Whereas the contemporary era in China is often depicted in terms of rampant, ideologically vacuous commodification, the Cultural Revolution (1966‒76) is typically cast as a time of ubiquitous politics and scarce goods. Indeed, the media and material culture of the Cultural Revolution are often characterized as a void, out of which the postsocialist world of commodity consumption somehow sprang fully formed. By contrast, this talk argues that the Cultural Revolution media environment and the ways in which its constituent elements engaged contemporaneous discourses of materiality and political economy anticipated the widespread commodification now so closely associated with the Reform Period (1978‒present).

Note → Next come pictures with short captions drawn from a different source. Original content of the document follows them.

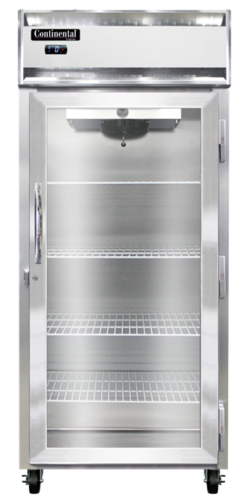 Continental Refrigerator 1FXNGD Reach-In Refrigerators & Freezers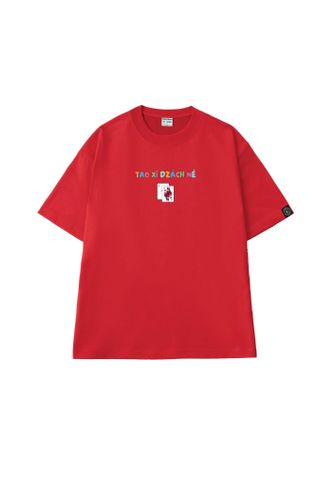 Áo Thun Unisex Tết Tao Xì Dzách - O1A258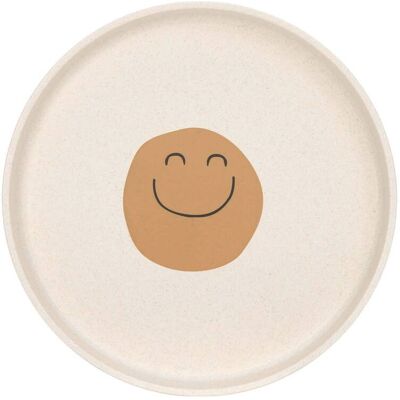 Lässig Assiette Happy Rascals Smile blau Himmel - Teller Lässig Assiette Happy Rascals Smile blau Himmel - Teller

To that end, this talk offers a brief history of the ‘newborn socialist thing’ (shehuizhuyi xinsheng shiwu), which, as a technical term originating in the 1950s, refers to a harbinger of a progressive future emerging in the present. Not only did newborn things, always at odds with ‘old things,’ help define socialism as a transitional stage of development prior to communism, they also promised to integrate the material and the social under one conceptual roof. This talk develops a historical methodology inspired by the relational nature of the newborn thing, which traces fugitive constellations of objects, bodies, institutions, and social formations pertaining to the Cultural Revolution’s media environment. Of particular interest are the forms of mediation enacted by and through these constellations and the dialectic they were often said to create with the commodity-form.
Laurence Coderre is an assistant professor of East Asian Studies at New York University. She received her PhD in Chinese from UC Berkeley in 2015. Prior to moving to NYU, she was a postdoctoral research fellow at the University of Michigan. Coderre’s work focuses on Chinese socialist and postsocialist cultural production. She is the author of Newborn Socialist Things: Materiality in Maoist China (Duke, 2021), which examines the material culture of the Cultural Revolution. Her research has appeared in Comparative Studies of Society and History, Journal of Material Culture, Modern Chinese Literature and Culture, and Journal of Chinese Cinemas, as well as numerous edited volumes. She is currently embarking on a new project on theory and the everyday in the late Mao era.